## Exercise objective
The result should hold only the lines from the one with "明日の必要性文字988国家自殺を呼ぶ Tシャツ" through the final line of the data below, transcribed exactly, pictures left out.

## Dataset extract
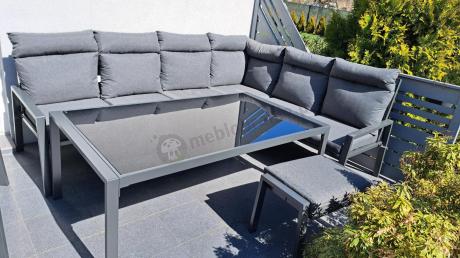 Grafitowy zestaw mebli ogrodowych z narożnikiem i dwoma fotelami wysoki stół Doros Corner XL - Dark Grey
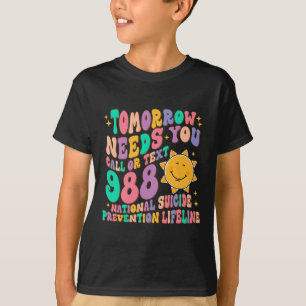明日の必要性文字988国家自殺を呼ぶ Tシャツ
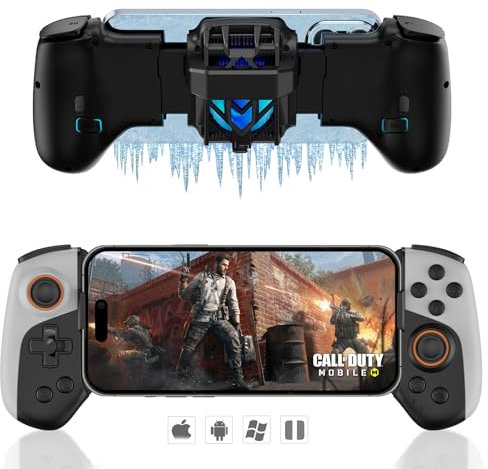 arVin Manette de jeu sans fil pour iPhone/Android/Switch/PC, manette de jeu Bluetooth avec lumières RVB 7 couleurs/touches programmables/ventilateur de refroidissement/moteur à vibration - Direct Play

## Exercise answer
明日の必要性文字988国家自殺を呼ぶ Tシャツ
 arVin Manette de jeu sans fil pour iPhone/Android/Switch/PC, manette de jeu Bluetooth avec lumières RVB 7 couleurs/touches programmables/ventilateur de refroidissement/moteur à vibration - Direct Play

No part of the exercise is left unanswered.